Two brothers featured in the Wired piece, are riding around the country on their bikes doing long-term stands in various places.

We’re two brothers riding recycled bicycles across the United States and meeting people. Lots of them.

But whether they’re devout Baptists who’ve lived in a small southern town for four generations or disaffected crust punks packing themselves into a crumbling squatted building, there is a common thread that ties them together.

We sense a growing movement in this country that rises above race, region, and subculture. Americans are yearning to rebuild space, community, and local culture, each in our own way. And it’s going to take a lot of blood, sweat, and ambitious insanity.

It will mean different things for different people. Some are rethinking business models to facilitate more intimate and local exchange. Others reinvent living spaces to allow for more community at home. It’s coming from all different angles and from all sorts of people. Fuel and transportation, energy use, urban/suburban planning, building construction, farming and food production, public space and civic art.

And it’s already started. All across the country, people are finding innovative ways to come together and make revolutionary change on a local level, to regain control of their lives, rediscover independence, and recycle the American Dream.

We’re finding them. And we’re telling their stories.

Here is the video they put together for their stay in North Carolina. It’s awesome, sweet, disgusting, beautiful and inspiring all rolled into one. I can’t imagine many anyone watching the full video, but I thought it was pretty great.

The Montana House from America reCycled on Vimeo.

This all tickled two things in me. The video itself I thought had some pretty poignant thoughts. Just the whole idea of bucking the system and living outside the box. Something that of course I am drawn to. Rejecting the whole prescribed notion of success being defined as participation in the rat-race and chasing the American dream.

People want to feel good good about their lives. People want to feel responsible. But we are kind of lost within this labyrinting framework of the Utopian society we created after World War II. We’ve examined those values one by one, you know. You get your house, you get your white picket fence, you pay your taxes, all we need to do is you continue working, and we will create this enlightened society. I think this has gotten worn around the edges…

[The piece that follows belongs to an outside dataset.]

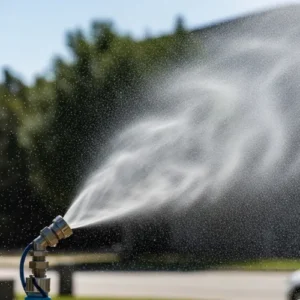 Evaporation Cooling Nozzle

I think the American dream is running away from a country that has unattainable standards of happiness.

Now, I’m not entirely drawn to the crunchy, tree-hugging, hippie lifestyle of all this, but the spirit of this does appeal to me. Really, who wouldn’t want it? Part of it, I think, has to do some with stepwork I am doing and going over with sponsees, and exploring the idea of freedom. It is like a lot of things with me, the juxtaposition and dichotomy of what appeals to me. What really does make me happy? There is rarely grey area. I either want to live in a city, or in the middle of nowhere. I go from listening to The Avett Brothers to Cam’ron. Then I wonder if I even have to pick one or the other. Maybe because it is that I live in a big city and for years have been surrounded by rap music and all that that the other extreme calls to me. Maybe at the end of the day both satisfy a part of me. It’s just that the other side doesn’t get fed as often.

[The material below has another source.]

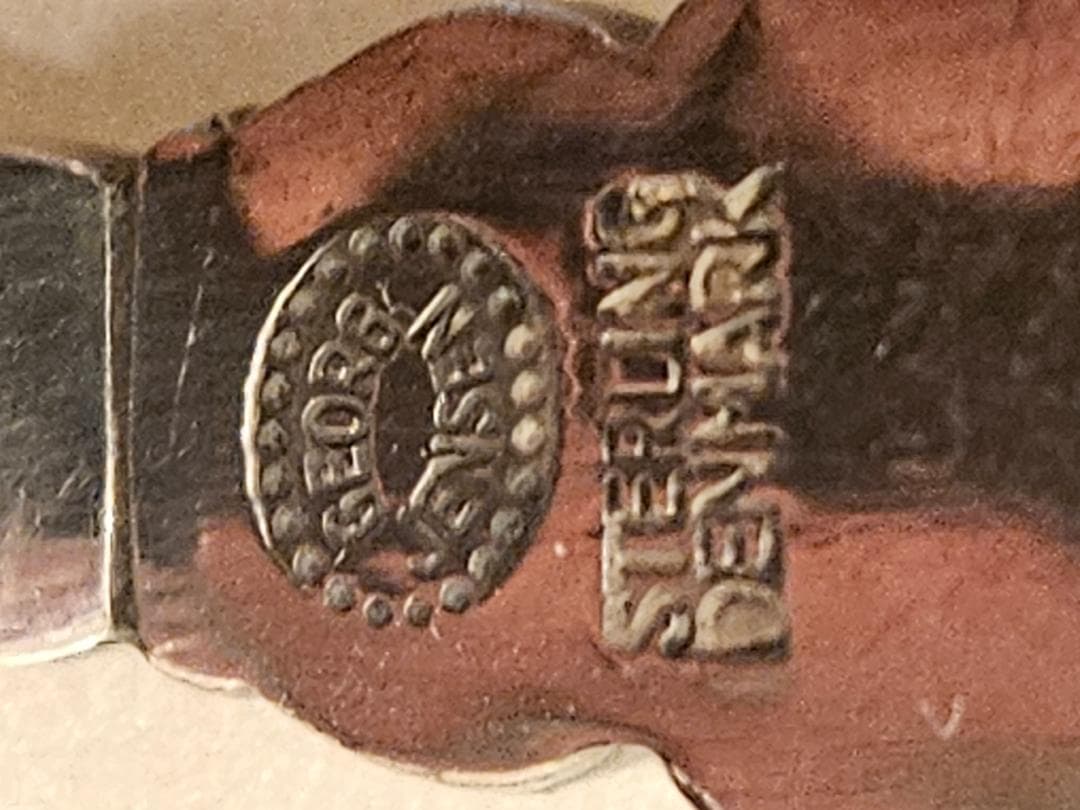 E  ジョージジェンセンACORN フォーク 6本セット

Maybe that is one of the reasons the article appealed to me. As school was winding down I started with this little fantasy before I settled down into a job, of traveling the country for a while. Via Greyhound. A 60 day unlimited pass is only $556. I didn’t want to go from city to city though, but small town to small town. No itinerary or agenda. No timetable. Just a ticket and a bag and sort of wander. Write about my experiences. See what I found and where I ended up. I can’t say that I have given up on that, just some logistics that would need to be worked out. Who knows.

I guess we will see.

Share

50 Characters

 

Click to enlarge.

By the mega talented Rime MSK.

Share

Books & Resolutions

So I took a little trip home to hang with the fam for the holidays. One of the things I wanted to do was catch up on some reading. Being the end of year and all, I thought “Best Of” lists from Longform and LongReads were two good places to start. I finished the LongForm’s Top 10, and am still making my way through LongRead’s Top 10.

As usual I came back with a grip of new books to read.

For Christmas my sister gave me House of Leaves by Mark Z. Danielewski. This book looks fucking rad. It was written by the brother of Poe, and looks fascinating. It is written with crazy footnotes (a la Pynchon) and is filled with random boxes of text on pages, with certain words in different colors throughout the text. And just read some of the reviews:

Amazon.com Review
Had The Blair Witch Project been a book instead of a film, and had it been written by, say, Nabokov at his most playful, revised by Stephen King at his most cerebral, and typeset by the futurist editors of Blast at their most avant-garde, the result might have been something like House of Leaves. Mark Z. Danielewski’s first novel has a lot going on: notably the discovery of a pseudoacademic monograph called The Navidson Record, written by a blind man named Zampanò, about a nonexistent documentary film–which itself is about a photojournalist who finds a house that has supernatural, surreal qualities. (The inner dimensions, for example, are measurably larger than the outer ones.) In addition to this Russian-doll layering of narrators, Danielewski packs in poems, scientific lists, collages, Polaroids, appendices of fake correspondence and “various quotes,” single lines of prose placed any which way on the page, crossed-out passages, and so on.
Now that we’ve reached the post-postmodern era, presumably there’s nobody left who needs liberating from the strictures of conventional fiction. So apart from its narrative high jinks, what does House of Leaves have to offer? According to Johnny Truant, the tattoo-shop apprentice who discovers Zampanò’s work, once you read The Navidson Record,

For some reason, you will no longer be the person you believed you once were. You’ll detect slow and subtle shifts going on all around you, more importantly shifts in you. Worse, you’ll realize it’s always been shifting, like a shimmer of sorts, a vast shimmer, only dark like a room. But you won’t understand why or how.

We’ll have to take his word for it, however. As it’s presented here, the description of the spooky film isn’t continuous enough to have much scare power. Instead, we’re pulled back into Johnny Truant’s world through his footnotes, which he uses to discharge everything in his head, including the discovery of the manuscript, his encounters with people who knew Zampanò, and his own battles with drugs, sex, ennui, and a vague evil force. If The Navidson Record is a mad professor lecturing on the supernatural with rational-seeming conviction, Truant’s footnotes are the manic student in the back of the auditorium, wigged out and furiously scribbling whoa-dude notes about life.
Despite his flaws, Truant is an appealingly earnest amateur editor–finding translators, tracking down sources, pointing out incongruities. Danielewski takes an academic’s–or ex-academic’s–glee in footnotes (the similarity to David Foster Wallace is almost too obvious to mention), as well as other bogus ivory-tower trappings such as interviews with celebrity scholars like Camille Paglia and Harold Bloom. And he stuffs highbrow and pop-culture references (and parodies) into the novel with the enthusiasm of an anarchist filling a pipe bomb with bits of junk metal. House of Leaves may not be the prettiest or most coherent collection, but if you’re trying to blow stuff up, who cares?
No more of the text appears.